1. Reliability of data and calculations
The reliability of information largely depends on the quality of the underlying data and more specifically on the accuracy of the calculations that are stored in the Business Intelligence system. If those are accurate, we may assume that the information is correct too. The phenomenon of internal duplicates is a good example of such problems with data quality: details for one and the same customer, for instance, have been registered in the source system more than once with slightly different spelling.
When we start using Business Intelligence such duplicates will come to surface – it might take a while before the actual scope of the problem becomes visible – and can then be removed from the source system.
2. Preventing errors
We should also take into account the errors people tend to make while interpreting and internalising data and information. Business Intelligence tools can ease this pain in several ways (Isenberg, 1984; Van Beek, 1999) for instance through showing the same information from different angles or perspectives, or by designing the system in such a way that searching for ‘proof to the contrary’ is encouraged. Furthermore, Business Intelligence often provides an integral picture of business operations and indicators are interrelated.
By enabling the system to include those interconnected key performance indicators in a single report, users can immediately check whether these relations are correct, for example through combining market share figures with their own sales figures and with information on sales figures of competitors. Through imposing strict requirements on the quality, actuality, tempo, coherence and visualization of data, Business Intelligence contributes to preventing errors in other areas as well.
Above all this, people should be aware of the potential errors they can make and therefore should proactively revise, reassess and check information in order to create (more) reliable information and better knowledge.
3. Actuality and refresh rate of information
Stakeholders can be ‘on top of’ information if its refresh rate is optimal. Both Business Intelligence and learning processes work most efficiently when the time span between the action itself and measuring its performance as well as adjusting the action is as short as possible (Den Hertog and Huizinga, 2000). This principle is more effective if feedback about their performance is directly addressed to the employees – and Business Intelligence facilitates this – instead of via executives.
To avoid unpleasant surprises, the refresh rate and timing of reports must match the frequency and duration of activities within the business processes. An organization, which handles hundreds of orders per hour, does well to refresh sales reports on a daily basis (or even more frequent) and to display these daily or even hourly. However, there is no need for an account manager who visits four or five customers per week on average, to monitor the number of visits daily.
4. Fast response times of Business Intelligence tools
The Business Intelligence tools must ensure that information is quickly and timely available to processors within the organization.

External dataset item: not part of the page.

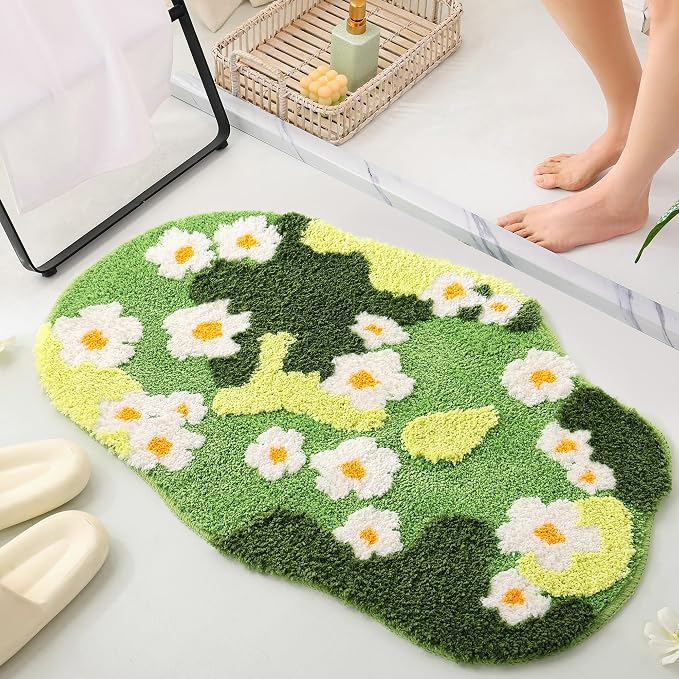 YIKUSH Bathroom Rugs for Living Room Green Moss Rug Cute Bath Mat with Small Flower Non Slip Bath Mats for Bathroom Floral Washable Rug (32x20 inches)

The system’s response time is of particular importance for managers since they often have little time and like action and liveliness. Three particular actions are associated with the requirement of rapidly retrievable information: finding the report, finding information, and interpreting information.
We leave out the phenomenon of interactive analysis (OLAP) whereby users can browse through data and casually surf the data ocean even though for these activities a rapid response time is often a necessity. A report that contains the required information should be able to show that information within 2 to 3 seconds after its been clicked on, but that specific BI reports first needs to be located. Once the report has been read, it has to be interpreted.
5. Storing information
In some cases, information is not immediately ‘actionable’ because an organization perhaps needs some additional information to be able to make a proper decision. If this is the case, the organization should be equipped with a memory in which they can temporarily store the information so that later, when the additional information is received, the decision can be taken rapidly.

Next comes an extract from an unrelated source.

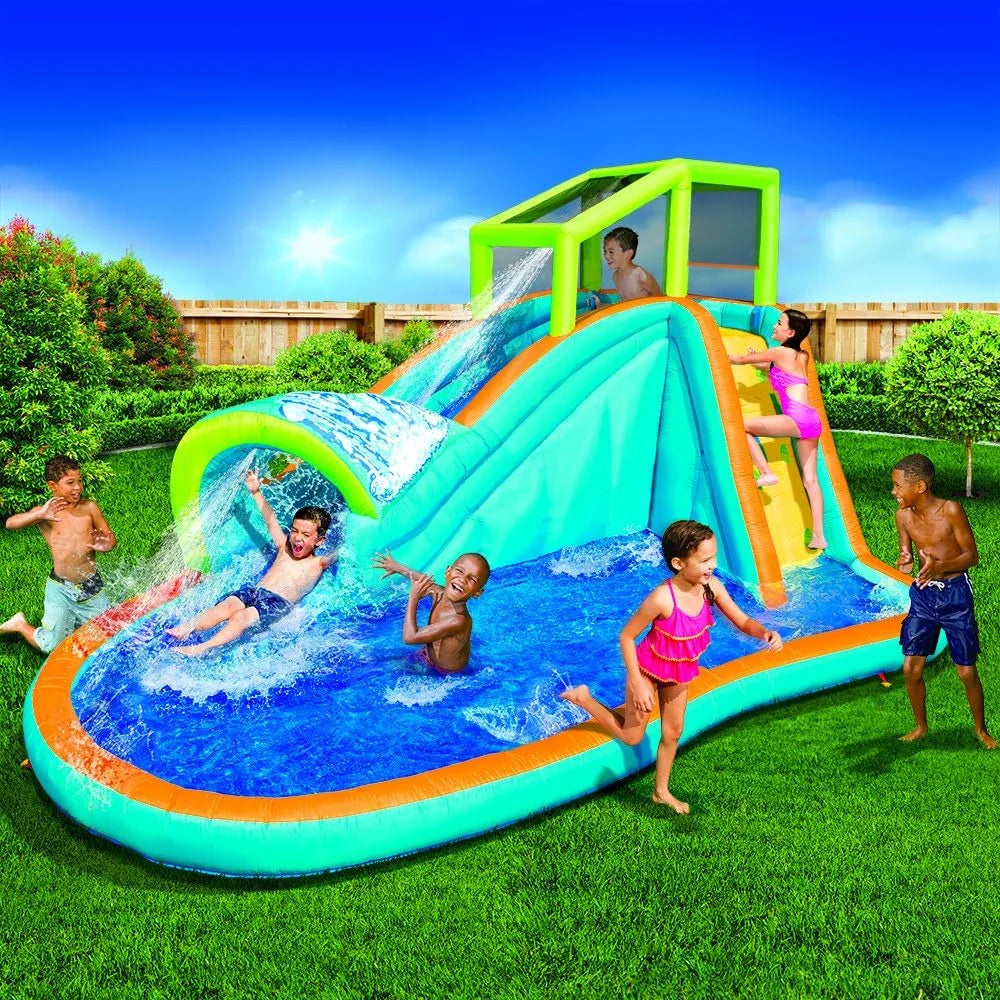 Pool Huge in Slide (14 liquid Sprinkler Wall 8 Long High) and Feet Built Banzi Inflatable Wave Feet by Kids - liquid with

In many organizations, the explicit storage and sharing of (newly formed) knowledge for clear decision-making is not common practice yet. What we do see is (too) many static dashboards and reports that offer hardly any (if any) options to attach a story to the information. This is a missed opportunity because the story behind the figures is often much more interesting than the figures themselves.
Business Intelligence can facilitate this aspect by temporarily storing information, which indicates a certain problem but still awaits additional information, in specifically designed place within the Business Intelligence system. For this to be effective it is wise to create an option on the dashboard which allows for placing notes and doodles with the relevant indicator and so create an action and decision log.